Not that the Belfast man seemed to mind.
Understandably, he was beside himself with delight having produced a magnificent display to secure a points victory over the previously-undefeated Mexican and in doing so, become the first Northern Irishman to win world titles in two divisions.
His manager and mentor Barry McGuigan, who won the same WBA title back in 1985, was in tears, as were many members of the ‘Jackal Army’ who had done their best to transform the atmosphere at New York’s Barclays Center into something more reminiscent of the King’s Hall in Belfast.
Frampton has now won three world titles across the super-bantamweight and featherweight divisions and while it is to be hoped that the 29-year-old is managing to savour the moment, the boxing media is, inevitably, already busy planning out his next step.
The 29-year-old himself seems to favour a re-match with Santa Cruz in Belfast and this would seem particularly fitting given that the Frampton fight was a voluntary rather than a mandatory defence for the man from Huetamo.
There was no lack of mutual respect between the two men before, during and after the fight and it would come as a major surprise if they did not meet again, possibly before the end of the year.
“I wanted to be in with true champions like Leo Santa Cruz,” said Frampton, post-fight.
“This guy is a three-weight world champion.
“He is a true warrior and I respect him a hell of a lot.
“I would love to bring him to Belfast and show them an amazing fighter.”
But Frampton also has plenty of other options to consider, including a potentially mouth-watering showdown with current IBF World Featherweight champion, Lee Selby.
A good relationship already exists between the two camps and a clash with the 29-year-old Welshman, possibly at Cardiff’s Principality Stadium, would undoubtedly do very big business indeed.
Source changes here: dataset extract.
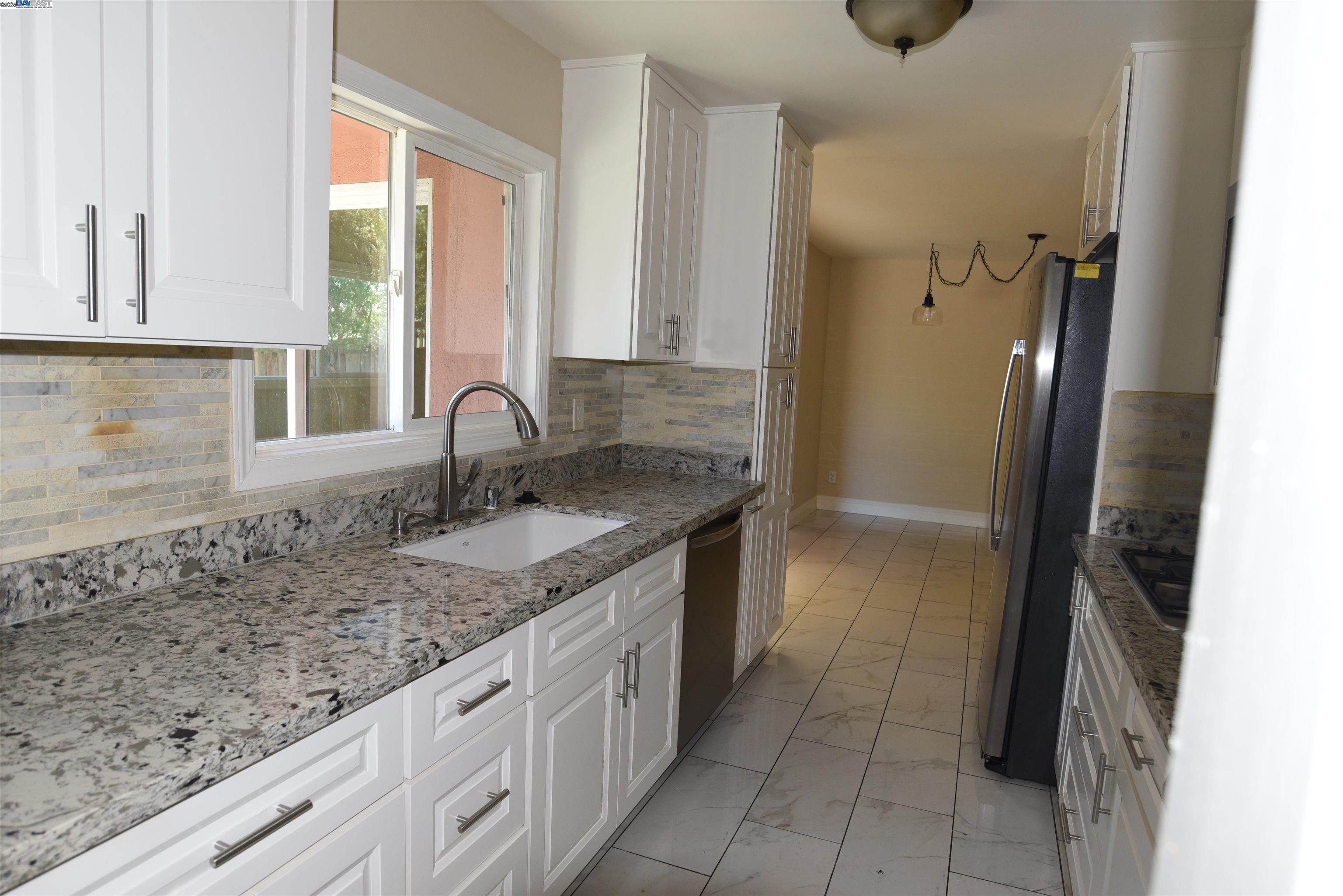 Detail Gallery Image 10 of 23 For 522 Lagunitas Lane, Hayward,  CA 94544 - 3 Beds | 2 Baths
Guillermo Rigondeaux has also been mentioned as a possible opponent in the past, though McGuigan has openly admitted that he feels the potential risk of tackling the notoriously awkward Cuban would outweighs the rewards given the 35-year-old’s relative lack of box office appeal.
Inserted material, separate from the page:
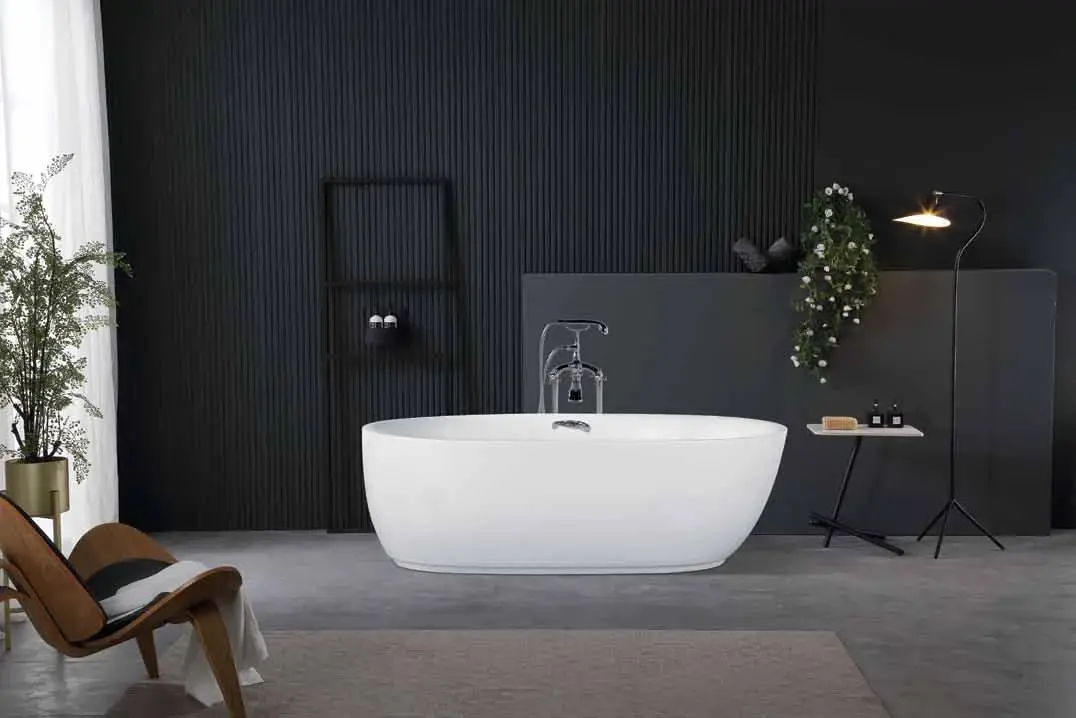 Modern freestanding baths: Two-tone freestanding bath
Then there’s Gary Russell Jnr, the current world number one in the featherweight division, who boasts a 27-1 record and would provide Frampton with a tough but potentially highly-lucrative test, possibly in Las Vegas.
One man for whom Frampton’s victory over Santa Cruz was bad news, however, is Scott Quigg.
The Bolton fighter is desperate to face the Ulsterman again following his points defeat earlier this year, but there is now little danger of that happening any time soon, or even at all.
Frampton simply has bigger fish to fry.
But while Frampton is on top of the world, spare a thought for Patrick Hyland whose career may well be over.
The Jobstown man was systematically broken up by WBC International and European Featherweight champion, Josh Warrington, on Saturday, eventually succumbing in the ninth as his corner prepared to throw in the towel.
The defeat came on the back of a brutal second round knockout at the hands of Russell Jnr in April and at 32, the feeling is that Hyland could be poised to hang up his gloves.